Cyprus Mail

Switzerland’s beloved St. Bernard dogs lap up new social role

st. bernard puppies are seen at the barry foundation in martigny
A St. Bernard puppy of Roxy van de Burggravehoeve rests his head over one of its sibling at the nursery of the Barry foundation

St. Bernard dogs, one of Switzerland’s national symbols that were internationally renowned for helping in alpine rescues, are now saving people in other ways.

The Barry Foundation – a non-profit that took over breeding of the dog in 2005 from the world’s oldest St. Bernard kennels high in the Swiss mountains – has helped the dogs transition to their new role as therapeutic and educational support dogs for vulnerable people.

“The St. Bernard today is a breed that works on the social front,” Andrea Zollinger, spokesperson for the foundation, said during a visit of its kennels in the city of Martigny, near the borders of Italy and France.

“The dogs work in hospitals, in nursing homes with senior citizens. They help people undergoing therapy, meet with children and prisoners. They work wonders.”

The dogs take part in some 600 engagements across Switzerland every year. They support the well-being of people with autism spectrum disorders and other special needs, and assist medical professionals in carrying out psychosomatic and psychosocial rehabilitation.

“They happily take part,” Zollinger said. “They love it.”

Visitors can also see the dogs at Barryland, a theme park that has a museum and facilities for the dogs.


On Aug. 28, seven puppies, five females and two males, were born to one of the Barry Foundation’s dogs, Roxy.

The puppies are just beginning to explore their surroundings, jostling in the grass and getting their first taste of kibble.

They are descendants of Barry I, a St. Bernard credited with saving the lives of more than 40 people on the Great St.
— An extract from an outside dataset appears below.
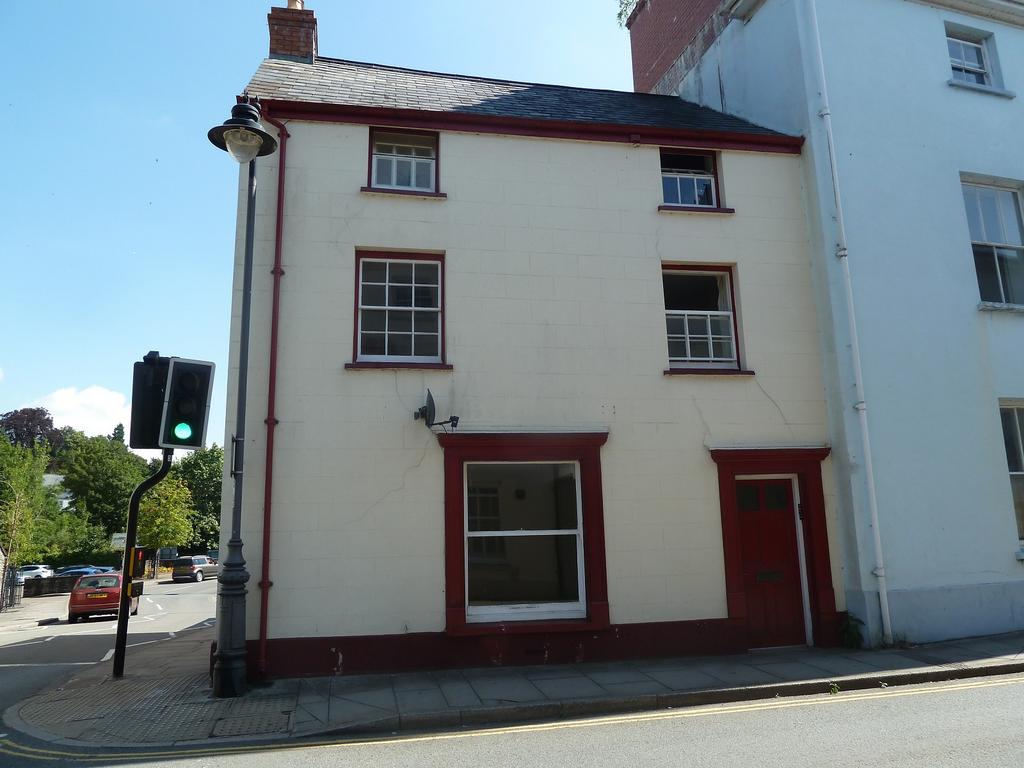 Main Image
Bernard Pass in the early 19th century.

Like his predecessors, Barry I lived at a hospice founded by 11th-century monks to aid pilgrims and other travellers making the treacherous journey across the Alps.
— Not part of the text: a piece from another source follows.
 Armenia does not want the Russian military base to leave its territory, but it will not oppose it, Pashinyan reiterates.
Travellers’ chronicles and stories from soldiers who had crossed the pass with Napoleon in 1800 helped forge the dogs’ reputation as dutiful companions with an extraordinary capacity for rescue.

“They have a great sense of smell,” said Anne Hölzer, in charge of training at Barry Foundation. “Given that they are tall and wide, the dogs were used to clear the snowy path for rescuers in the pass.”
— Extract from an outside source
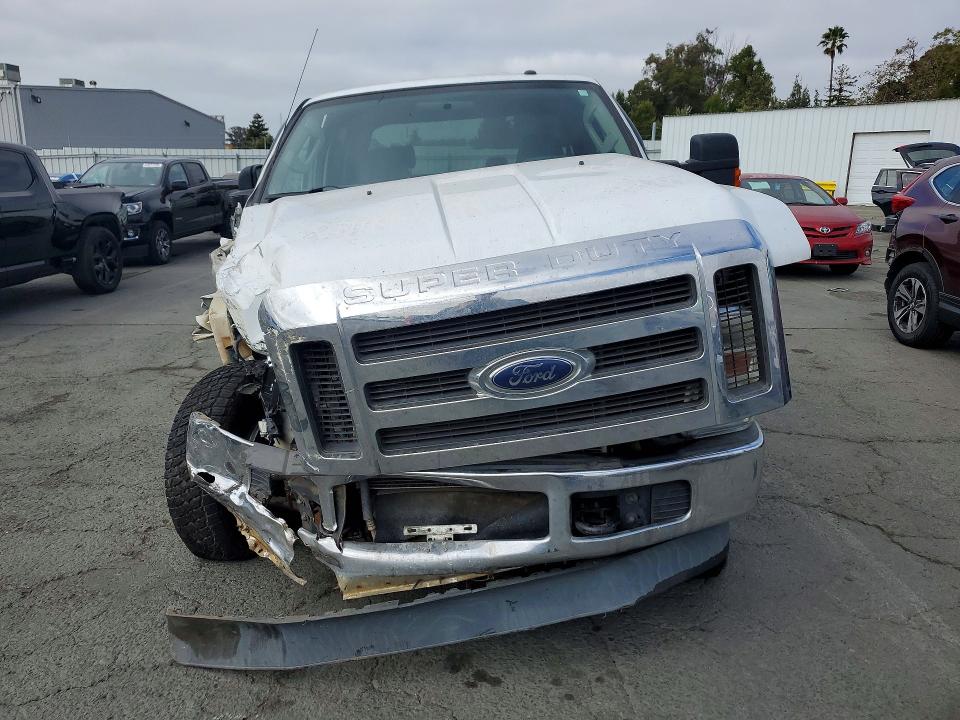 63440326 :رقم المزاد ، 1FTSW2B5XAEA13970 vin ، 2010 Ford F250 مزاد بيع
These days, alpine rescues tend to enlist the help of smaller dogs that can be more easily transported by helicopter compared to St. Bernards.

But Switzerland is no less attached to its favourite dog.

“It’s a very strong symbol of Switzerland,” Zollinger said. “I think many people are committed to maintaining this dog in good shape and according to the breed’s standards.”